Pessimistische Expertensicht

Düstere Zukunft für Afghanistan

US-Soldaten verbrennen versehentlich den Koran oder richten in einem Dorf ein Massaker an. Die NATO-Truppen werden bei der afghanischen Bevölkerung immer unbeliebter. Der Afghanistan-Experte Thomas Ruttig ist für die Zukunft des Landes nicht optimistisch.

Mittagsjournal, 16.3.2012

Der Afghanistan-Experte Thomas Ruttig im Gespräch mit Gertrude Roten

Truppen zu schwach

Der vom Westen gestützte Präsident Hamid Karzai gibt sich wütend, weil es immer mehr Skandale gibt. Doch die Forderung Karzais, die ausländischen Truppen sollten schon ein Jahr früher abziehen, bezeichnet Thomas Ruttig als "propagandistisches Geklapper". Die USA hätten ohnehin bereits angekündigt, die meisten ihrer Kampftruppen bereits 2013 "in die zweite Reihe zu nehmen". Karzai wiederhole also nur Dinge, die die NATO eigentlich schon vorhat. Auf jeden Fall seien die afghanischen Streitkräfte weitaus zu schwach und würden weder 2013 noch 2014 die Aufgaben der ausländischen Truppen übernehmen können.

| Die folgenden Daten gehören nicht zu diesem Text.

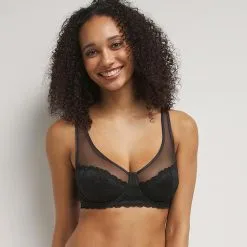 Soutien-gorge Emboitant Dentelle Coeurs Noir Generous Édition Limitée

"Inklusivlösung" gefordert

Der Truppenabzug werde auch in zwei Jahren nicht vollständig sein, sagt Ruttig. Der Einsatz werde zu einer Ausbildungsmission umgestaltet und es werde auch weiterhin kämpfende Truppen in Afghanistan geben, ist der Experte überzeugt. Wichtiger wäre es, eine politische Lösung voranzutreiben und die Verzögerungstaktik aufzugeben. Die Lösung müssten die verschiedenen Gruppierungen Afghanistans finden - die Regierung, die Opposition, die Taliban, die Zivilgesellschaft inklusive der Frauenbewegung. Es müsse jedenfalls eine "Inklusivlösung" sein, die auch mit Kompromissen verbunden ist, aber keine schmale, von oben verordnete Lösung, "die nur zwischen Präsident Hamid Karzai und den Taliban zu einem Deal führt und alle anderen zurücklässt".

"Das ist kein Sandkasten"

Was nach zehn Jahren Afghanistan-Einsatz bleibt, beschreibt Ruttig so: Der Westen hinterlässt schwache Institutionen und eine große Anzahl bewaffneter Männer, die noch dazu unkontrolliert sind. "Das ist schon ein Rezept zum Bürgerkrieg", so Ruttig, "aber der ist nicht unausweichlich." Doch insgesamt ist der Experte nicht optimistisch, "weil ich sehe, dass alle beteiligten Seiten eine Menge Fehler machen und sehr lange brauchen, bis sie daraus lernen." Der Westen müsse aber genau hinsehen und erkennen, dass man hier mit den 30 Millionen Einwohnern eines Landes spielt. "Das ist kein Sandkasten", mahnt der Afghanistan-Experte Thomas Ruttig.